Pour finalement aboutir à W : l’effet W-aouh. C’est-à-dire déclencher chez le client l’effet de surprise positive : il peut faire confiance à ce nouveau fournisseur. Bref, vous avez gagné !
Appels d’offres : des effets bénéfiques sur le long terme
Tous vos efforts fournis en amont sont triplement bénéfiques. En effet, une telle victoire est transformative par son impact profond et à long terme :
1. Une croissance accélérée
- Forte augmentation du chiffre d’affaires via votre nouveau client
- Voie ouverte à de nouveaux contrats en jouant sur cette référence client
2. Une amélioration des capacités
L’exigence d’un grand compte oblige à raffiner les processus internes et améliorer les compétences techniques et organisationnelles.

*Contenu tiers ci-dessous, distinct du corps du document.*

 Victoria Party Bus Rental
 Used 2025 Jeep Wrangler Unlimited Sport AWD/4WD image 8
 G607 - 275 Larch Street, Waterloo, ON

La confiance : une question d’espace-temps
C’est l’histoire d’un équipementier automobile français qui avait tenté de travailler pour un constructeur automobile au Japon. En vain. Il pensait donc tous ses efforts perdus. Mais le constructeur japonais décida un jour de se déployer en Europe. Choix logique : il se tourna vers des équipementiers locaux, dont un Français… en qui il avait confiance.
3. Une reconnaissance du marché
- Grâce à une notoriété et une réputation renforcées dans votre secteur
Et si toutefois cela devait ne pas aboutir, faites vôtre cette pensée de Nelson Mandela : « Je ne perds jamais : soit je gagne, soit j’apprends ».